■ **DATA FOR THIS EXERCISE**
========

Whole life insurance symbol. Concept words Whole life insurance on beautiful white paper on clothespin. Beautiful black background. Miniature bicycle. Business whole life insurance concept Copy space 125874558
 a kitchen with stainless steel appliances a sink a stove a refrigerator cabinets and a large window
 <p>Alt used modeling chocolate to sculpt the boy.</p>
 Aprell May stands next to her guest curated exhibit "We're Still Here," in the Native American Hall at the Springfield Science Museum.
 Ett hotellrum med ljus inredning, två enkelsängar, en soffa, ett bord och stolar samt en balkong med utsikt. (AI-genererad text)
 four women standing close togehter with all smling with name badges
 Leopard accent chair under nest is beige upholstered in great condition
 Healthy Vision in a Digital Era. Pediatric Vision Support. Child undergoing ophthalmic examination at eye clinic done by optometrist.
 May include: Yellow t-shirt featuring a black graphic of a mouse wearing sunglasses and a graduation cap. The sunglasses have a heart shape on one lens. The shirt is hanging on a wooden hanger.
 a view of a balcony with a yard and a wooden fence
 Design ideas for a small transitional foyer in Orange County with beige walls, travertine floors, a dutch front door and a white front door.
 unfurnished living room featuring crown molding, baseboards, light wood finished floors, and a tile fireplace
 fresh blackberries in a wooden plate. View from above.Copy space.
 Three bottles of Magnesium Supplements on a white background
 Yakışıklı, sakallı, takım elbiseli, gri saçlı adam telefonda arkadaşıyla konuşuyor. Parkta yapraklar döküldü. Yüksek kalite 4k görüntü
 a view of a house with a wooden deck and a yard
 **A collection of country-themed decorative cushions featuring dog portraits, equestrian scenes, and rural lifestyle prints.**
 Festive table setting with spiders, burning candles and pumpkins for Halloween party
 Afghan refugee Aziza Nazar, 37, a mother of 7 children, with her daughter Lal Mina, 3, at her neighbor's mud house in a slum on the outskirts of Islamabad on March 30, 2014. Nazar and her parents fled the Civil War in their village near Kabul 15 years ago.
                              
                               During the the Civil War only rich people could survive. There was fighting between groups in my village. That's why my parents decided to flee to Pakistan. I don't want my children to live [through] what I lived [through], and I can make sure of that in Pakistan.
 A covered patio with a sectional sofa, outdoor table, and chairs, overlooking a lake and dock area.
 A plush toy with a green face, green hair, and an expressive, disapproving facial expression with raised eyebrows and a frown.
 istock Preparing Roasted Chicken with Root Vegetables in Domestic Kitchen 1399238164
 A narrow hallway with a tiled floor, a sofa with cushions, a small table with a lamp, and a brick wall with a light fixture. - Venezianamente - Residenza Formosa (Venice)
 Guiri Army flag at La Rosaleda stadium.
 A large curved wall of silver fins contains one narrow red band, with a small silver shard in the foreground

========

■ **TASK REQUIREMENTS**
Please show all lines from the entries that contain the word "house".

■ **SOLUTION TO THE EXERCISE**
 a view of a house with a wooden deck and a yard
 Afghan refugee Aziza Nazar, 37, a mother of 7 children, with her daughter Lal Mina, 3, at her neighbor's mud house in a slum on the outskirts of Islamabad on March 30, 2014. Nazar and her parents fled the Civil War in their village near Kabul 15 years ago.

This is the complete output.